Saved data entries
====
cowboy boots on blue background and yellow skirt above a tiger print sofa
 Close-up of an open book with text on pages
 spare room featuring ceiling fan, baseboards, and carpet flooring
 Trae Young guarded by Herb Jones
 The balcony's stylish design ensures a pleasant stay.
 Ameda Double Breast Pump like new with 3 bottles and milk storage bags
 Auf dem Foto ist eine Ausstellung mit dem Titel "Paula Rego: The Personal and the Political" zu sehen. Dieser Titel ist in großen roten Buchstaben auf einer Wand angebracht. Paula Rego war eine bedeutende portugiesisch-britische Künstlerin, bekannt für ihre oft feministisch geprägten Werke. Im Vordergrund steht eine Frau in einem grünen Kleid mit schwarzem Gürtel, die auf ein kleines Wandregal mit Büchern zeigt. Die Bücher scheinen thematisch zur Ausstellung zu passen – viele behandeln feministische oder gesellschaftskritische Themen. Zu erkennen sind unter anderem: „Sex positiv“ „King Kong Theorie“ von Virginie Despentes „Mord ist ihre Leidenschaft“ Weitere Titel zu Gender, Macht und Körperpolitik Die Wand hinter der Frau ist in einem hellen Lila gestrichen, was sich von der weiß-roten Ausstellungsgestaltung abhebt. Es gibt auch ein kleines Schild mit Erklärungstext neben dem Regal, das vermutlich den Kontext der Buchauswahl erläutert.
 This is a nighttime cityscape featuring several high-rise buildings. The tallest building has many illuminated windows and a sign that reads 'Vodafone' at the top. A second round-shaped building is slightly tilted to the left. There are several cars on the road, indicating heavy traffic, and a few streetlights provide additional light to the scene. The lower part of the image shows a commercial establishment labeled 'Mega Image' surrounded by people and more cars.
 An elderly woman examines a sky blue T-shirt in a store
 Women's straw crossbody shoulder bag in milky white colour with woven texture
====
The result should be every line that contains "with", copied from the entries.

 Close-up of an open book with text on pages
 Ameda Double Breast Pump like new with 3 bottles and milk storage bags
 Women's straw crossbody shoulder bag in milky white colour with woven texture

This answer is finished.